Question

1. Use Calc. to determine the critical points, local extrema, inflection points, and intervals where f(x) is concave up or down.

f(x) = x^4 + 2x^3 - 1

Answer 1

whoa... so u just want...everything... then...?

Answer 2

OK @amelapal ... so first of all, what are the turning points...?

Answer 3

well the extrema is the hardest part for me I don't know why :-(

Answer 4

okay so the critical points are when the function is equal to zero right?

Answer 5

**the function's derivative

Answer 6

sorry, hit send and saw ur post, my bad

Answer 7

its alright just caught my mistake!

Answer 8

so in this case the derivative would 4x^3 + 6x^2?

Answer 9

perfect

Answer 10

so one critical point can be zero right?

Answer 11

yep, but sub back in to initial eqn prove

Answer 12

*to prove

Answer 13

plug zero back into the original function? it gives you negative one, what do I do with that?

Answer 14

@Jack1

Answer 15

Sooo you've got zero, any others? :)

Answer 16

No!

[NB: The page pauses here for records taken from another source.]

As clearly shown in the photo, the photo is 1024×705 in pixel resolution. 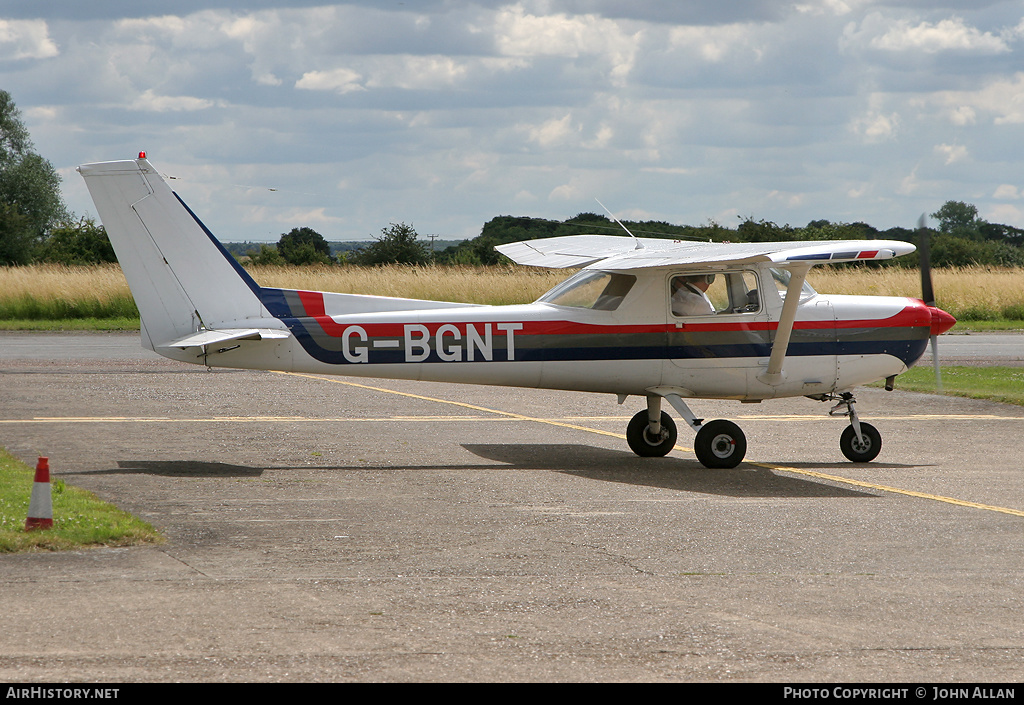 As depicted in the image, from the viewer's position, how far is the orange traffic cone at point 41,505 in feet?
25.6

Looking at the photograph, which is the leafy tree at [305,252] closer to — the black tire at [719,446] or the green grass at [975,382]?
the green grass at [975,382]

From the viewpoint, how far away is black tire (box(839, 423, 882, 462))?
1206cm

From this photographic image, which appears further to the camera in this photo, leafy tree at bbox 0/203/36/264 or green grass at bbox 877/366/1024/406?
leafy tree at bbox 0/203/36/264

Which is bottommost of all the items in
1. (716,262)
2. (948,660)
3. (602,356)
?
(948,660)

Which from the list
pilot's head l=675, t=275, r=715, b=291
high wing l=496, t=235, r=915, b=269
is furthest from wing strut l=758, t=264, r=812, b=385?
pilot's head l=675, t=275, r=715, b=291

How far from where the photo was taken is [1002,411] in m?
16.1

For some reason I can't find any other numbers!

Answer 17

\[\Large\bf\sf 0=4x^3+6x^2\]Factoring an x^2 out of each,\[\Large\bf\sf 0=x^2(4x+6)\]
x^2=0 gives us our critical point at x=0.
How bout the other factor?

Answer 18

4x + 6 = 0
4x = -6
x= -6/4 ?

Answer 19

Ok good, which simplifies to x=-3/2 or x=-1.5

Answer 20

Those are the critical points of the function.
So what's next?
Determining max and min?

Answer 21

that would be another critical point?

Answer 22

wait I get it! okay yes finding max and min now

Answer 23

you plug both 0 in the original function and get -1
and plug -6/4 and get -2.6875

Answer 24

No we don't want to do that! :Oo

Answer 25

So like ummm

Answer 26

:o

Answer 27

`critical points` / `stationary points` / `equilibrium points`
they go by many different names, depending on what field of work you're in.

It's a special place where the function is not `increasing` nor is it `decreasing`.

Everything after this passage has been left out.